LOUDOUN, VA – In a disturbing development, seven students from Park View High School in Loudoun County, Virginia, have overdosed on opioids within the last three weeks. The Loudoun County Sheriff’s Office is currently investigating these alarming incidents, four of which transpired within the school’s premises. Three of these cases necessitated the use of Narcan, an opioid overdose reversal drug, while two required CPR.

The common denominator in all these overdoses is fentanyl, a potent synthetic opioid often camouflaged as a counterfeit 30 mg oxycodone pill. The Sheriff’s Office has been actively investigating opioid-related incidents involving minors in the county, with 18 reports so far this year, a slight decrease from the 19 reported in 2022.
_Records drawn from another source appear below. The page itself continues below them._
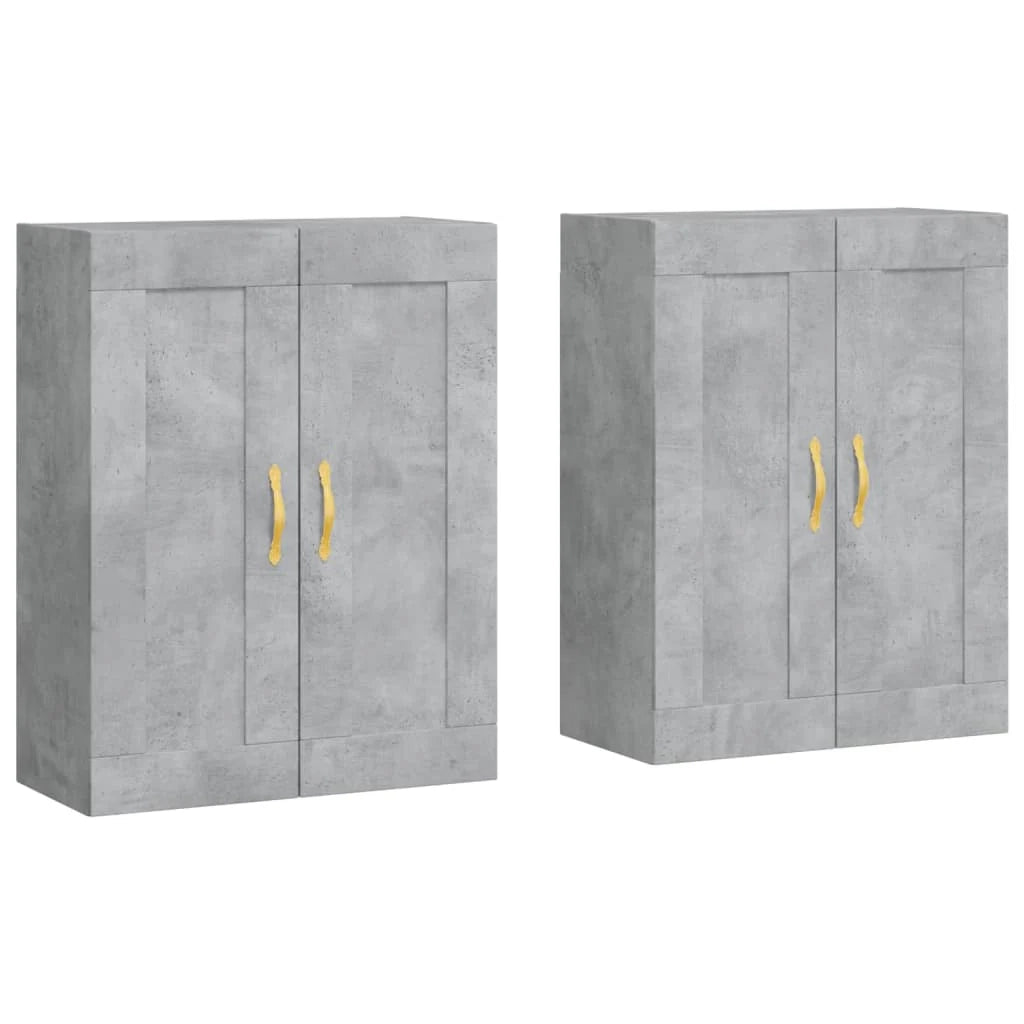 Set di 2 pratici armadietti a muro 69,5 x 34 x 90 cm in legno composito grigio cemento 02_0055499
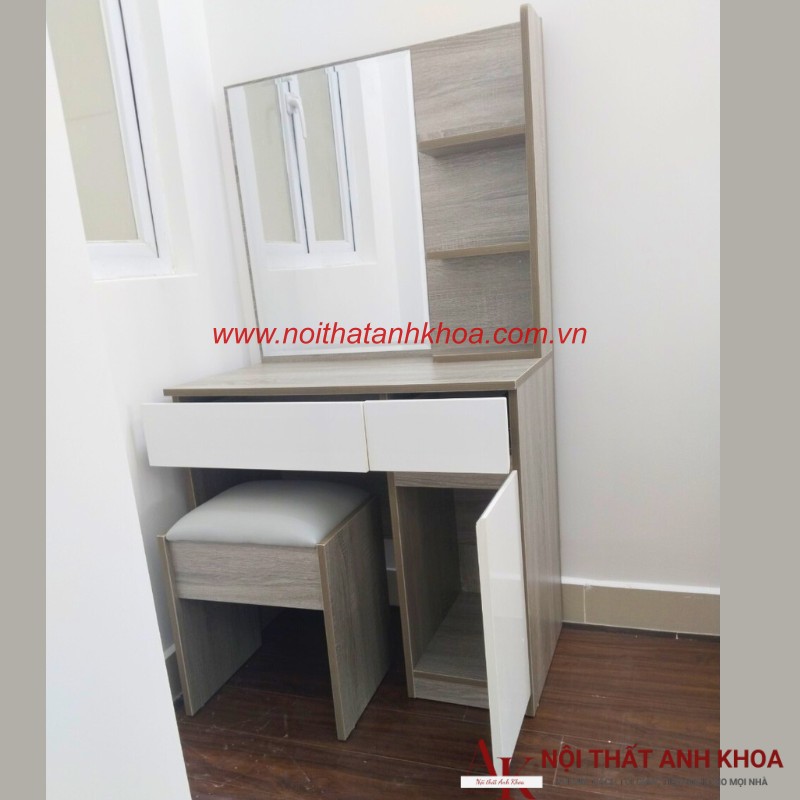 Bàn Trang Điểm Gỗ Công Nghiệp Màu Xám Phối Trắng Bàn Trang Điểm Gỗ Công Nghiệp Màu Xám Phối Trắng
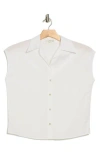 Vince Cap Sleeve Cotton Button-up Shirt In White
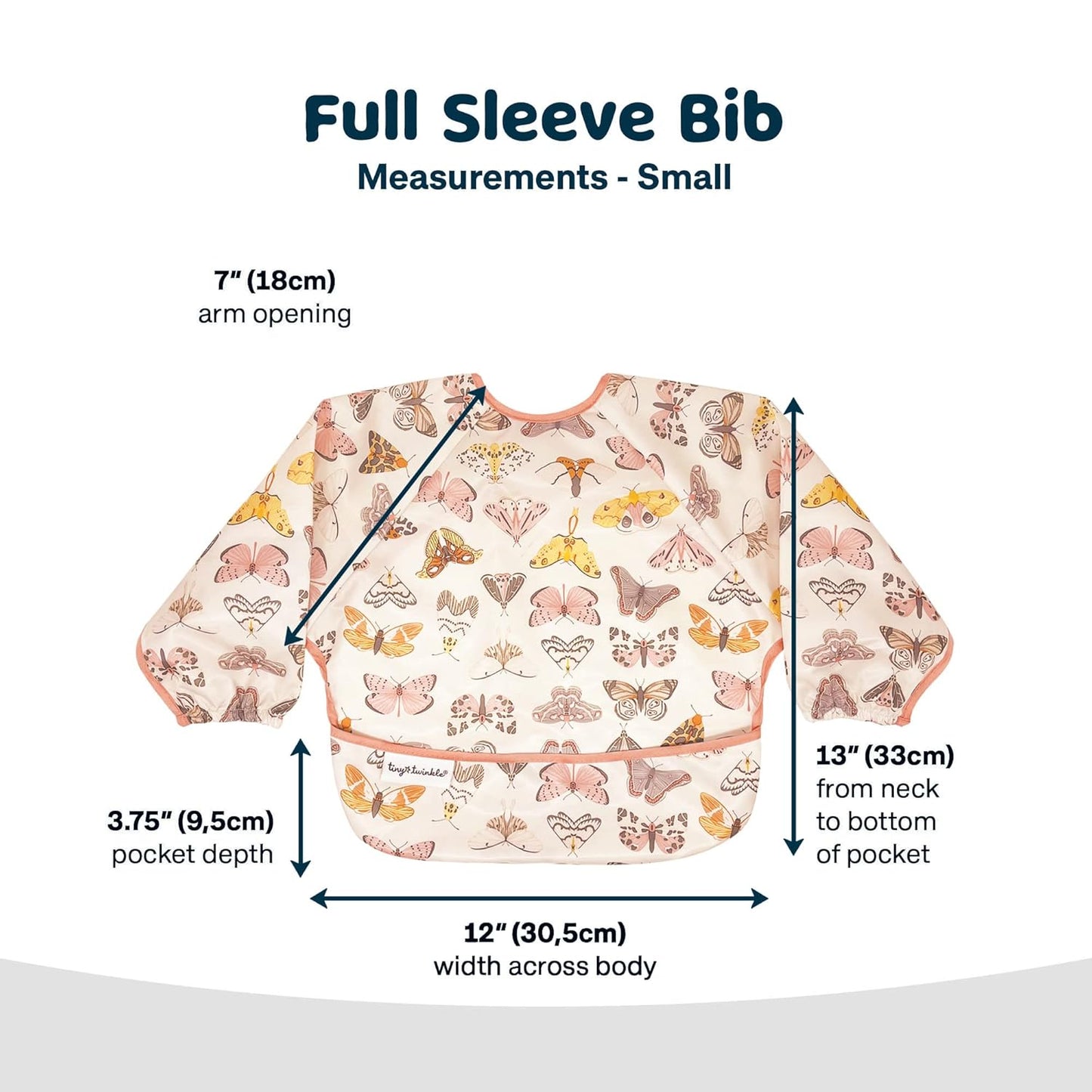 Tiny Twinkle Mess Proof Baby Bib,Waterproof Smock Baby Bib for Eating,Machine Washable Long Sleeve Bib,Baby Led Weaning,Toddler Bib,BLW Supplies(Flutter, Small 6-24 Months)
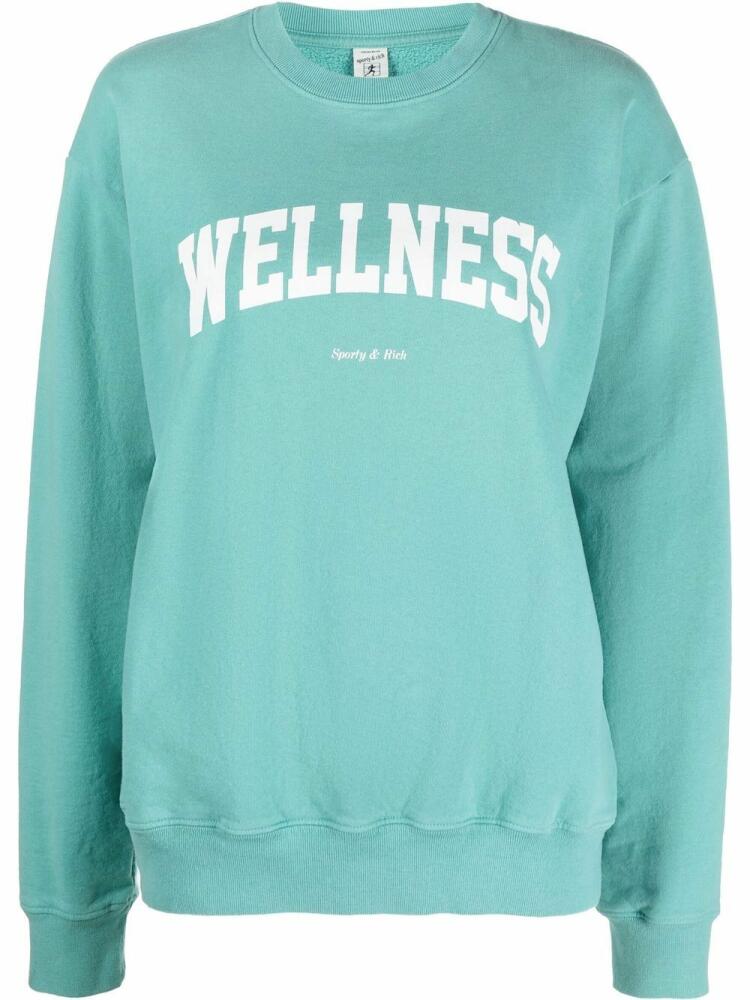 Sporty & Rich slogan-print cotton sweatshirt - Blue Cover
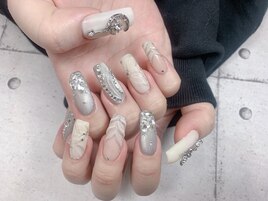 シルバーロングネイル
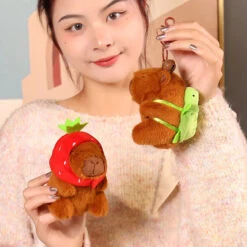 Capybara Keychain Pendant Plush -Kawaii Store kawaiies plushies plush softtoy capybara keychain pendant plush soft toy 763811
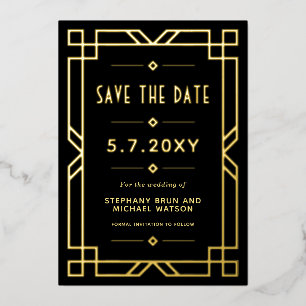 Invitation En Aluminium Elégant Art Déco Enregistrer la date Black Gold Ca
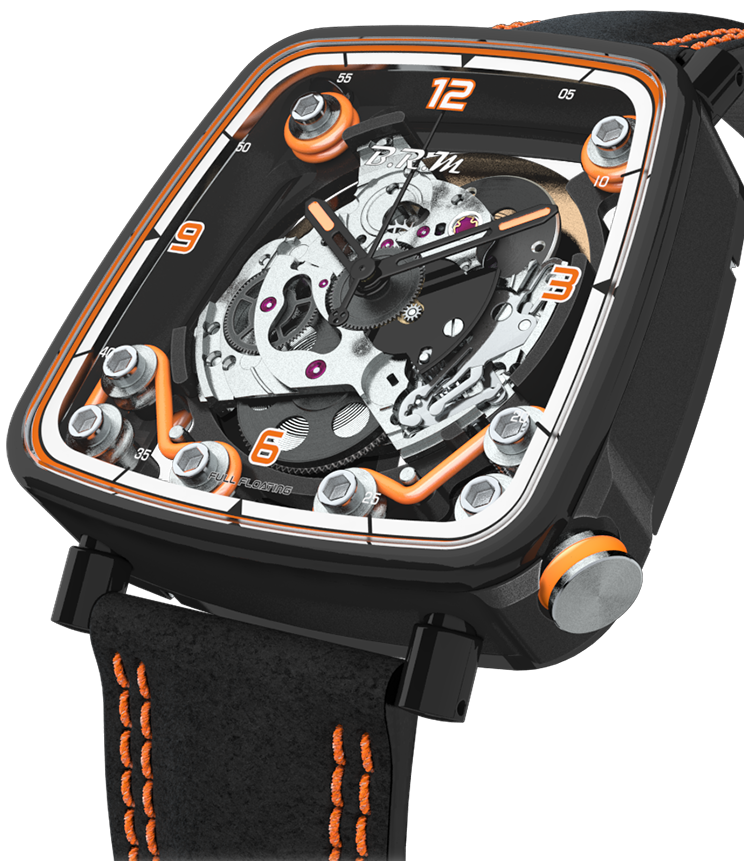 B.R.M. Watches FF39-40 Black Titanium Orange Watch FF39-40-TN-LFN-O Image 1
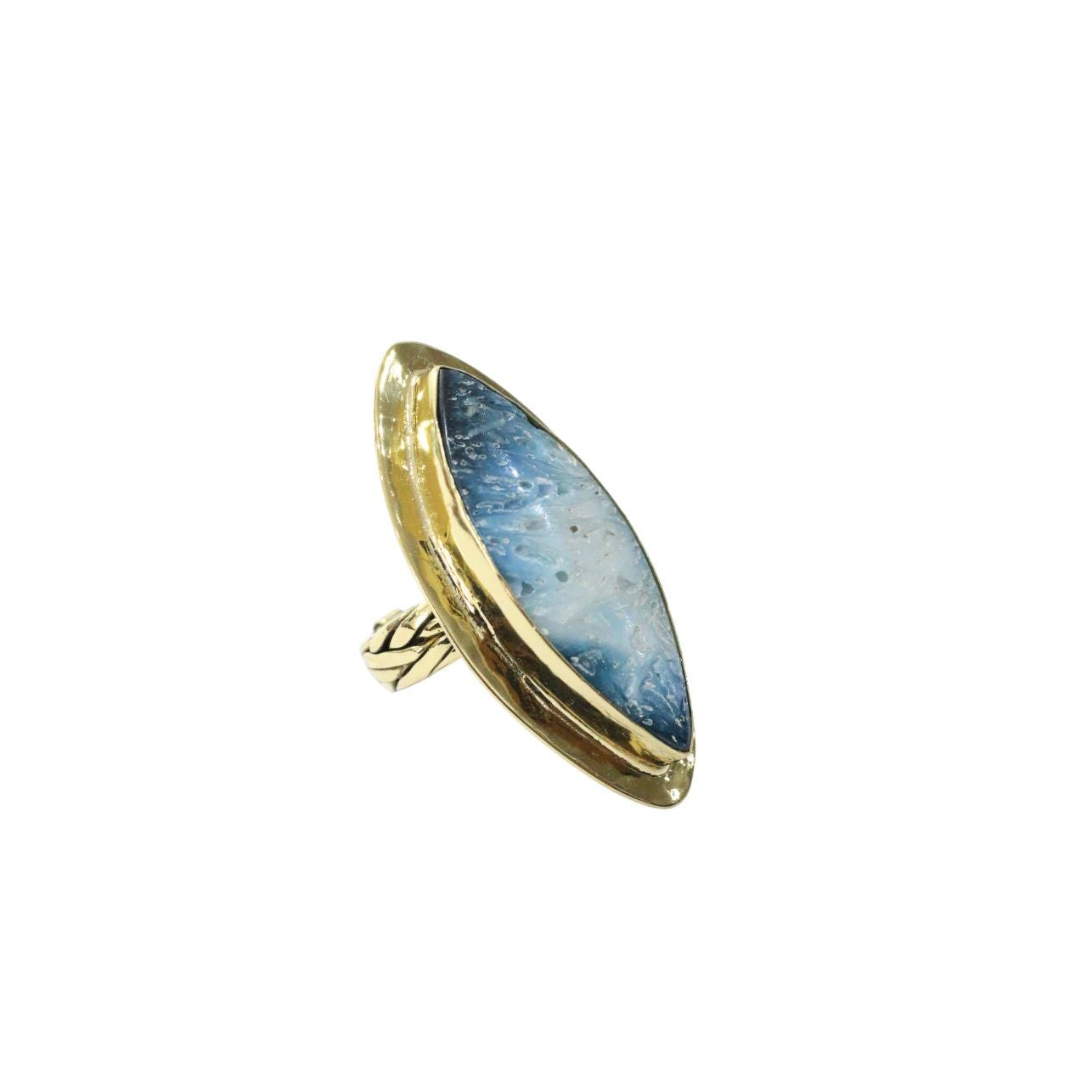 Blue Glacierite Woven Gold Brass Ring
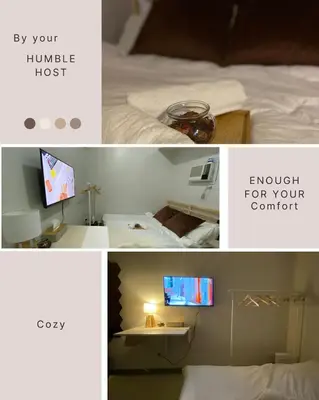 a collage of two pictures of a bedroom with a bed and a desk at Prime Location Affordable Studio Condo in Legaspi village, Makati with Fast WiFi in Manila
Sheriff Mike Chapman has assured the community of their commitment to track down the individuals responsible for distributing these deadly drugs. He has also urged the Loudoun County Public Schools (LCPS) to maintain open communication with the Park View community and has offered to provide additional educational and security support.

LCPS Superintendent, Dr. Aaron Spence, has expressed his deep concern over the opioid crisis infiltrating the Park View community. He outlined the steps LCPS is taking to address the issue, including fentanyl awareness and education programs, training staff to handle emergencies involving opioids, and providing additional support to the Park View community in the form of administrators, counselors, and security officers.

The LCPS has also undertaken a safety assessment at the school to minimize the risk of students accessing or using fentanyl. Extra staff support has been dispatched to Park View, including additional personnel trained in administering Narcan.

The opioid crisis has been wreaking havoc across the nation for several years. In response, some states are providing college students with Narcan, a life-saving drug that can reverse the effects of opioid overdose. Both New York and California mandate that all public universities have Narcan available in student housing facilities.